Gold Crosses $3,500 Per Ounce For First Time As Central Bank Buying And US Dollar Weakness Compound

Gold prices crossed $3,500 per troy ounce for the first time in the metal's trading history on Monday — with the spot gold price reaching an intraday high of $3,512 before settling at $3,497 by the London afternoon fix — extending the year-to-date advance to approximately 28% and confirming that the structural demand-and-supply dynamics across the gold market have continued to compound in the direction that the most constructive institutional-investor thesis had been projecting across the 2025–2026 investment cycle.

The principal demand-side anchors for the Monday milestone are meaningful and compound in their effect. Central bank gold purchases — which reached a record 1,136 tonnes in 2022, remained at elevated levels through 2023 and 2024, and have continued at an approximately 900-tonne annual-run-rate across the 2025–2026 window — represent the most structurally significant demand shift in the gold market across the past two decades. The People's Bank of China, the Reserve Bank of India, the National Bank of Poland, the Central Bank of Turkey, and the National Bank of Kazakhstan have been the principal central-bank buyers across the 2025–2026 window, collectively reflecting the broader emerging-market central-bank portfolio-diversification framework away from US-dollar-denominated reserve assets.

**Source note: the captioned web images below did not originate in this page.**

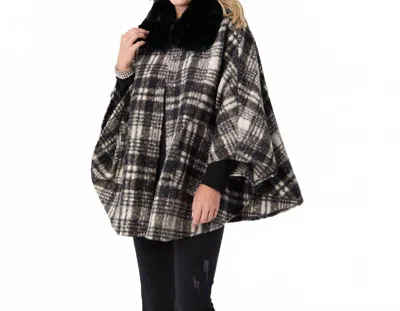 Coco + Carmen Dover Wrap With Faux Fur Collar In Black Plaid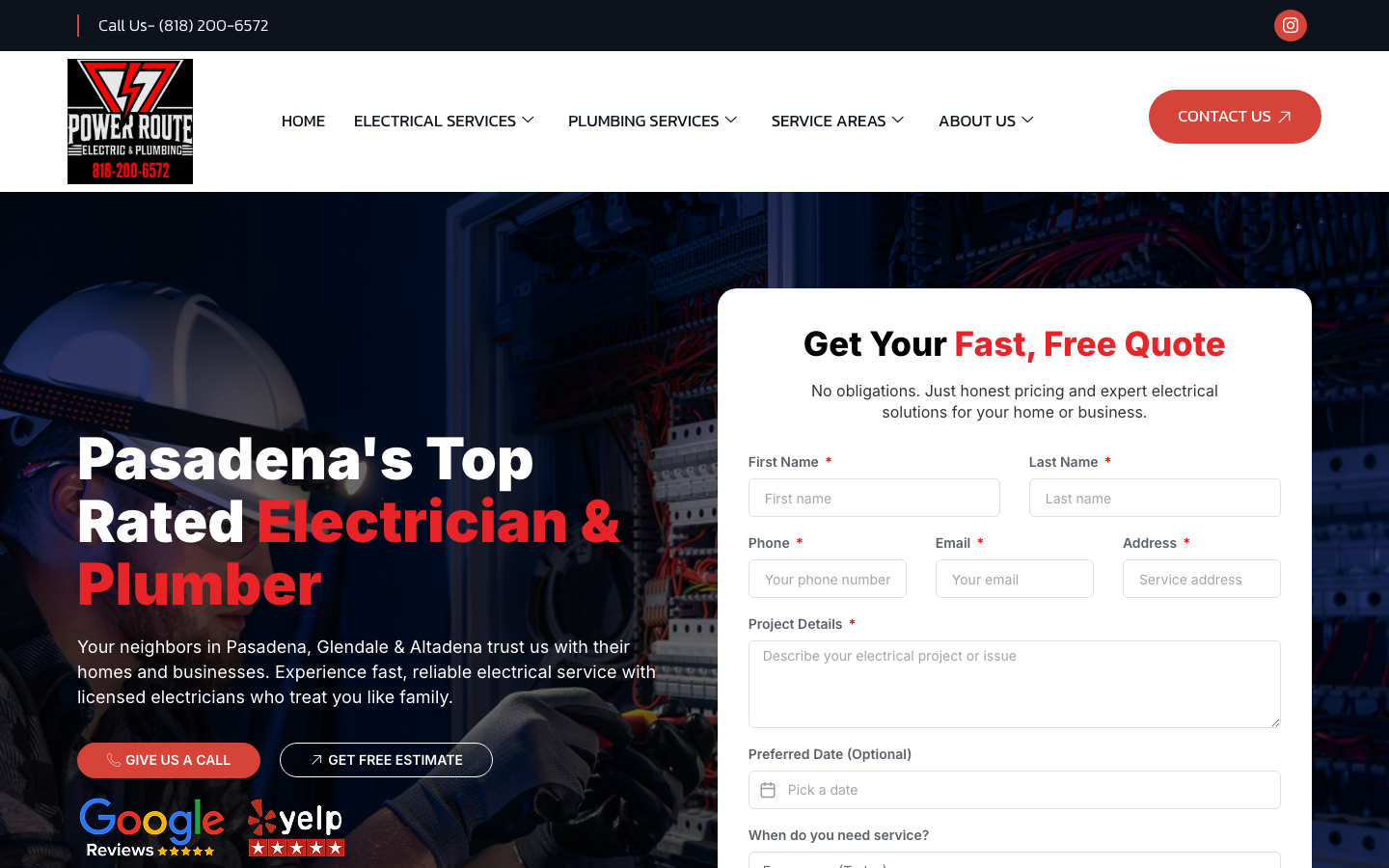 Power Route Electric & Plumbing website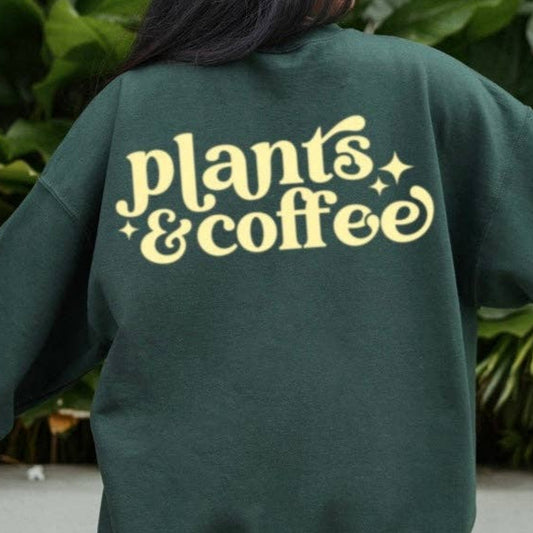 Plants & Coffee LIGHT YELLOW INK Screen Print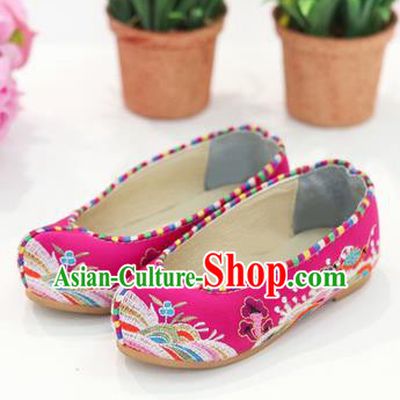 Traditional Korean National Wedding Shoes Embroidered Shoes, Asian Korean Hanbok Flat Shoes for Kids
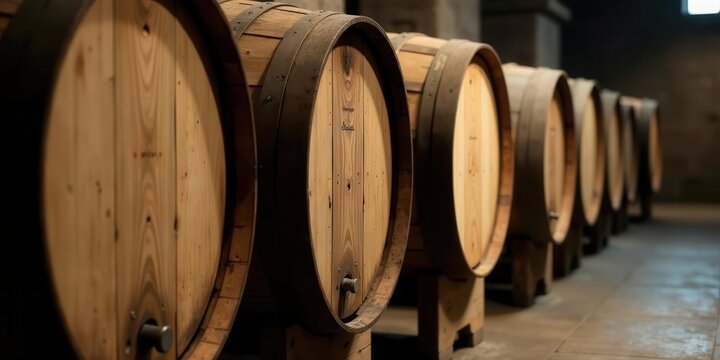 Aged wooden barrels in a cellar, showcasing the craftsmanship and potential for aging fine beverages.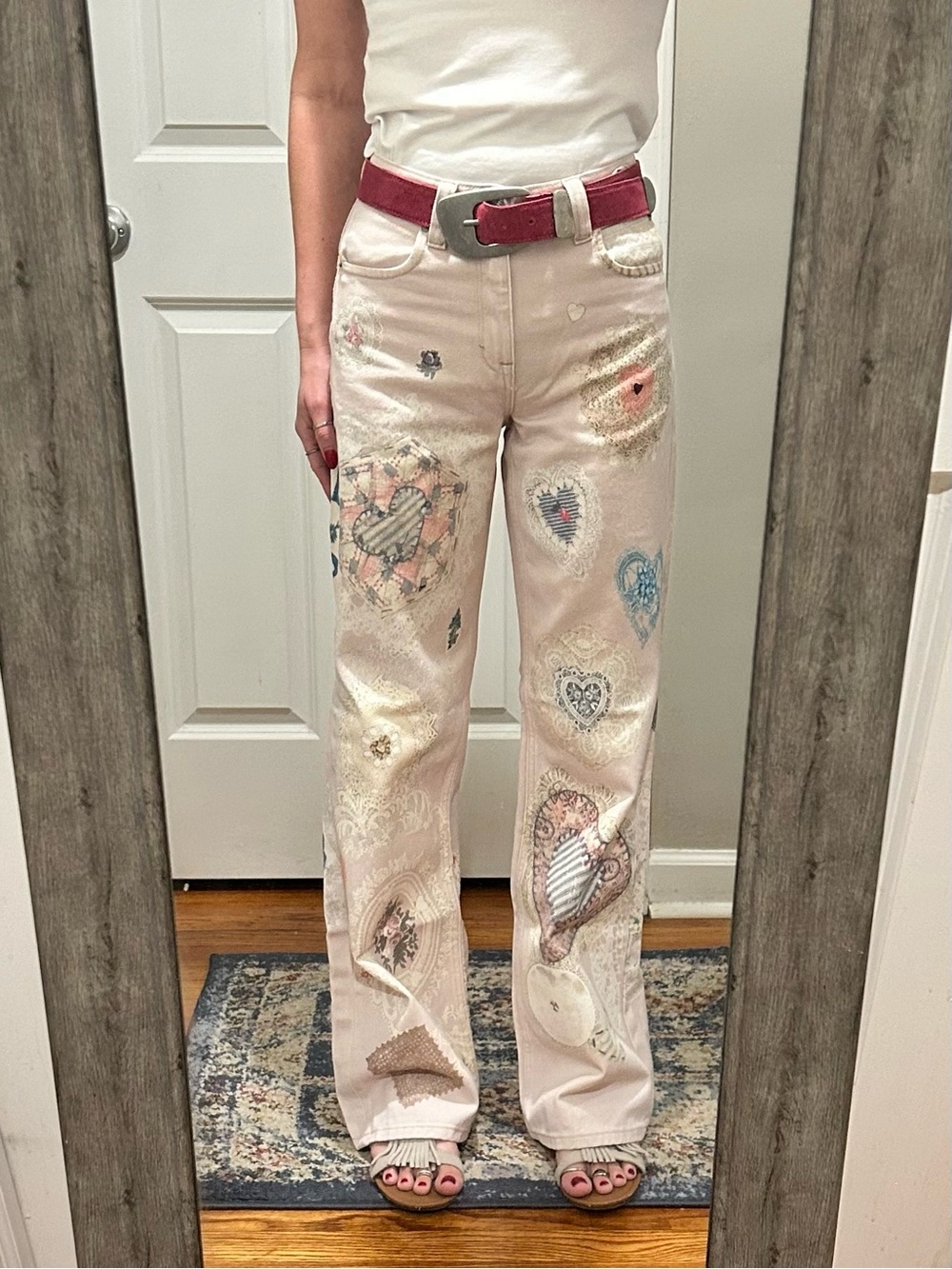 NWT We The Free Tinsley Printed Jeans in Illusions Heirloom Ivory - Picture 13 of 16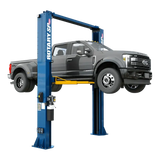 Blue Rotary SPO16-AV symmetric 2-post lift with automatic arm restraints hoisting gray Ford F-250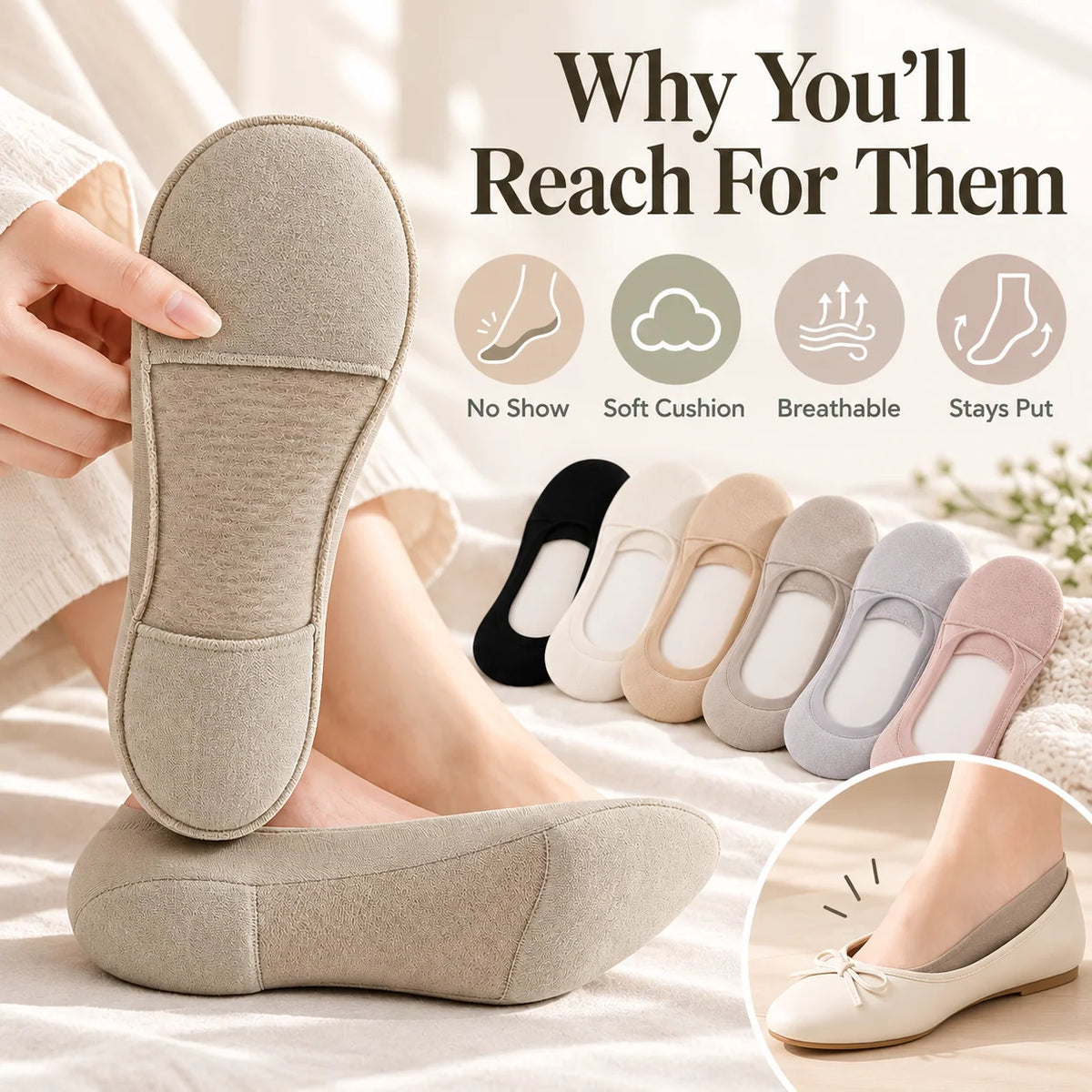 Women's Cushioned No-Show Socks – Comfortable Fit for Flats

The US dollar weakness dimension is the more immediate technical catalyst for the Monday price move. The DXY US Dollar Index fell approximately 1.4% across Monday's session — its largest single-day decline since the March 2025 Federal Reserve pivot communication — extending the year-to-date dollar depreciation to approximately 9.2% against the major-currency basket. The dollar's weakening trajectory has been driven by the combination of the Federal Reserve's ongoing rate-easing cycle (cumulative 175 basis points of cuts since June 2025), the structural deterioration in the US current-account and fiscal-deficit trajectory, and the progressive reserve-diversification dynamic across the major emerging-market central-bank complex.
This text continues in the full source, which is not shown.